## Input material:
<<<<

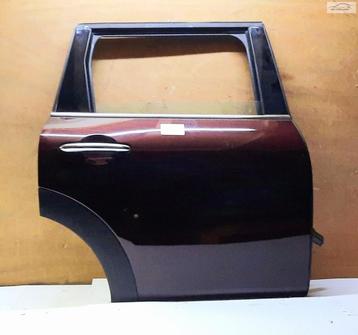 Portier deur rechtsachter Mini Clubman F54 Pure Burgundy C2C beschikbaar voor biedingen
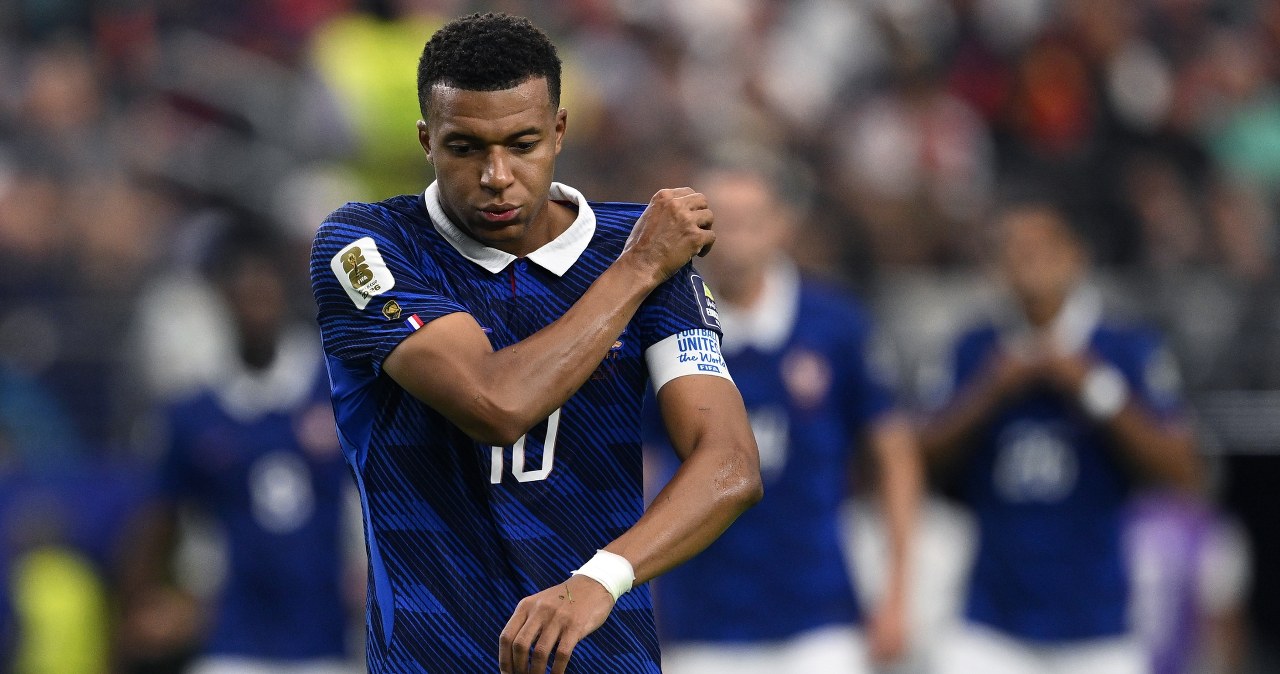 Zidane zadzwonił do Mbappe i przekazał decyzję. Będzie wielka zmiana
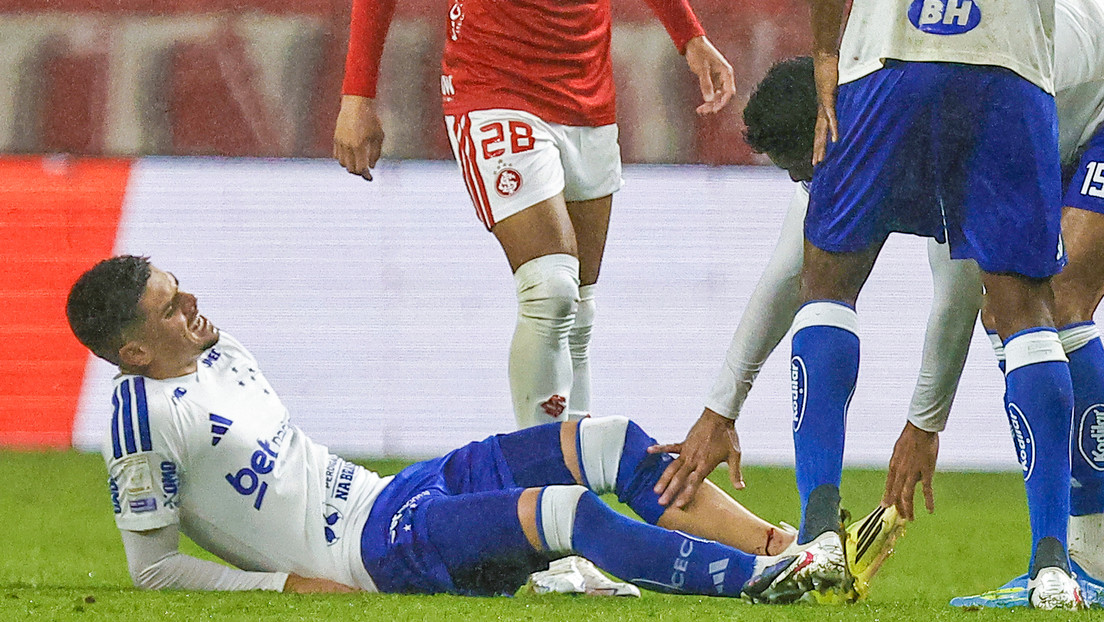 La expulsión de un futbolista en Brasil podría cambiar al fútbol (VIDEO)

>>>>
<<<<

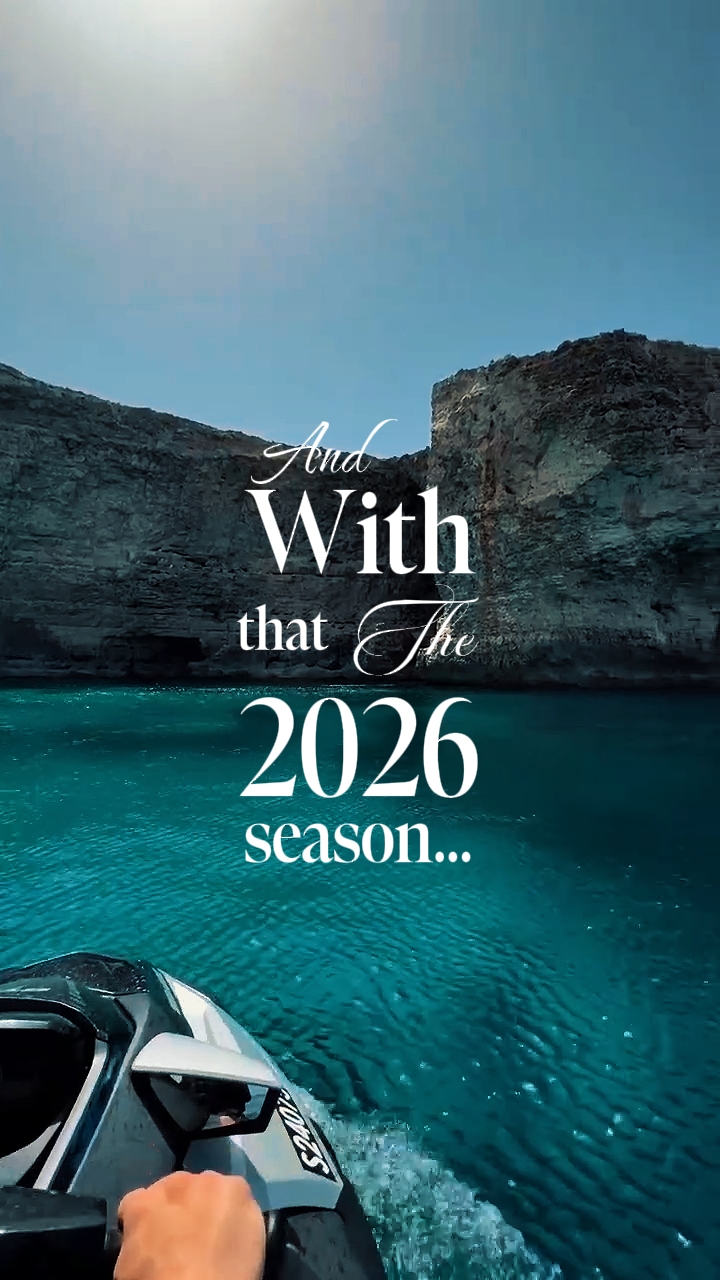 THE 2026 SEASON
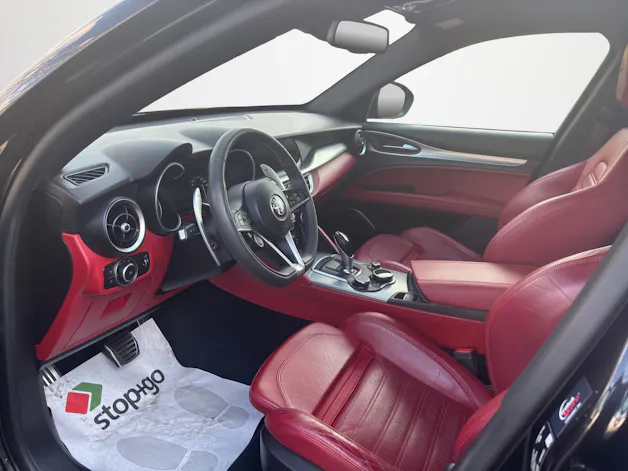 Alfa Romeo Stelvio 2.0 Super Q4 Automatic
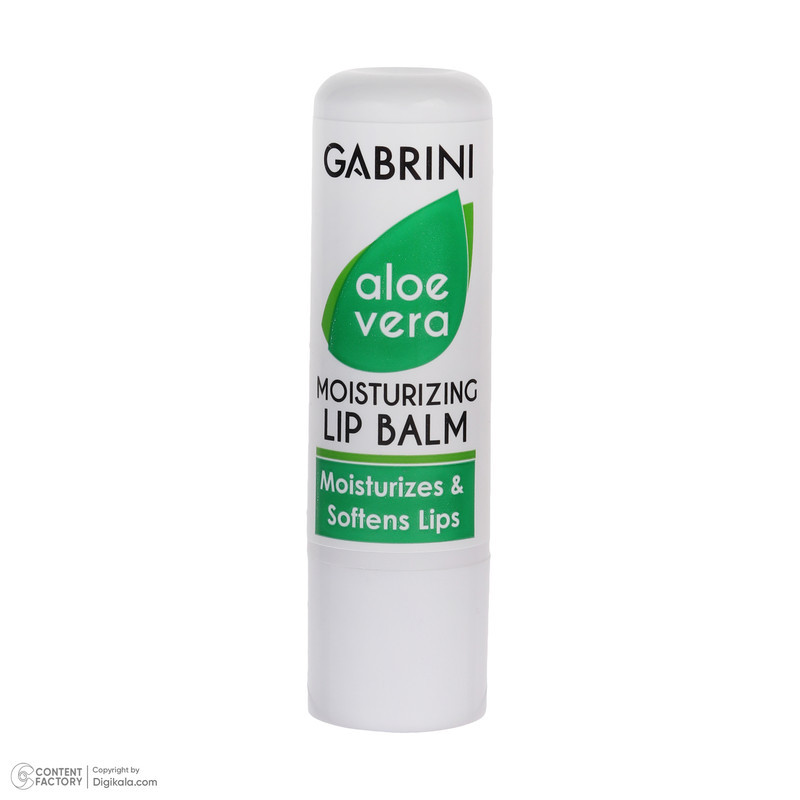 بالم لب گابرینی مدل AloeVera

>>>>
<<<<

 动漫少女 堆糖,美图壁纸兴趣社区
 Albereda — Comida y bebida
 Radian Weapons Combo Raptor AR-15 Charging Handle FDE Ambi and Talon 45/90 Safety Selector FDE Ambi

>>>>

## Exercise:
Reproduce exactly the stretch of the material above that starts at the line with "动漫少女 堆糖,美图壁纸兴趣社区" and ends at the line with "Radian Weapons Combo", both included, and nothing else.

## Response box:
 动漫少女 堆糖,美图壁纸兴趣社区
 Albereda — Comida y bebida
 Radian Weapons Combo Raptor AR-15 Charging Handle FDE Ambi and Talon 45/90 Safety Selector FDE Ambi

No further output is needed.